**AIM OF THE EXERCISE:**
Copy out exactly the lines from the one containing "Girls Hayden Wide Leg Pants in Blue" to the last line of the records below, both included, and leave out any pictures.

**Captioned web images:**
□ □ □ □

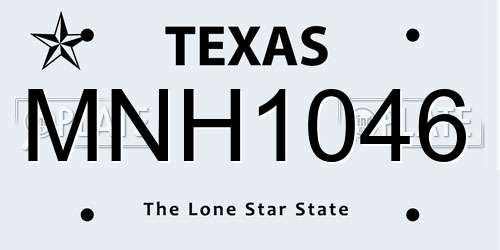 MNH1046 Texas License Plate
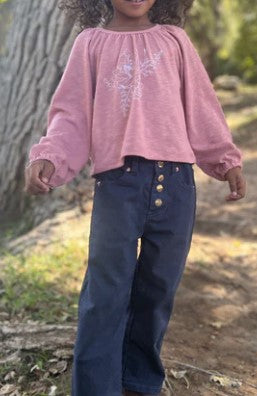 Girls Hayden Wide Leg Pants in Blue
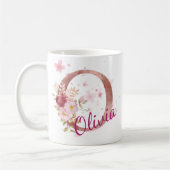 Personalisierter Blumeninitial-Becher – Buchstabe  Kaffeetasse (Links)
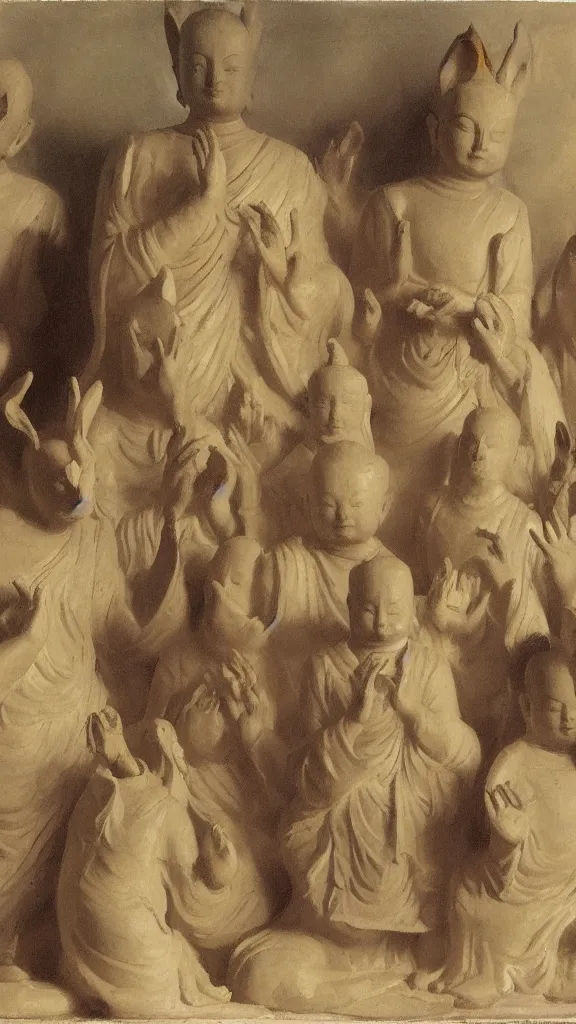 Image similar to a crowd of people pray a rabbit budda statue by john singer sargent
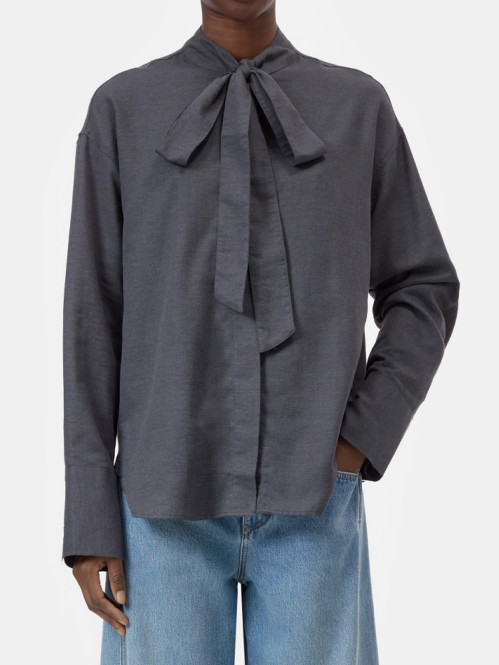 Bow tie shirt dk grey melange 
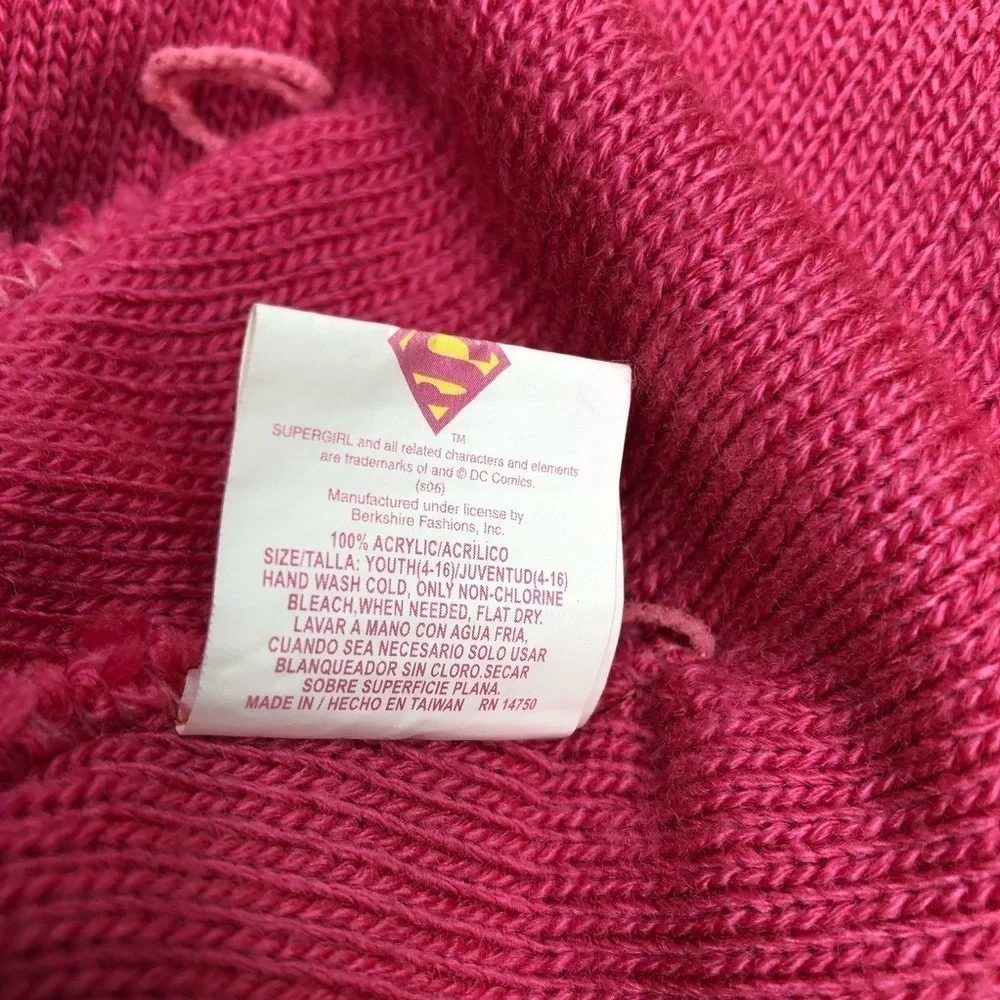 SUPER GIRL‎ Pink S Beanie Hat Cap - Size Youth 4-16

□ □ □ □

**YOUR RESPONSE:**
 Girls Hayden Wide Leg Pants in Blue
 Personalisierter Blumeninitial-Becher – Buchstabe  Kaffeetasse (Links)
 Image similar to a crowd of people pray a rabbit budda statue by john singer sargent
 Bow tie shirt dk grey melange 
 SUPER GIRL‎ Pink S Beanie Hat Cap - Size Youth 4-16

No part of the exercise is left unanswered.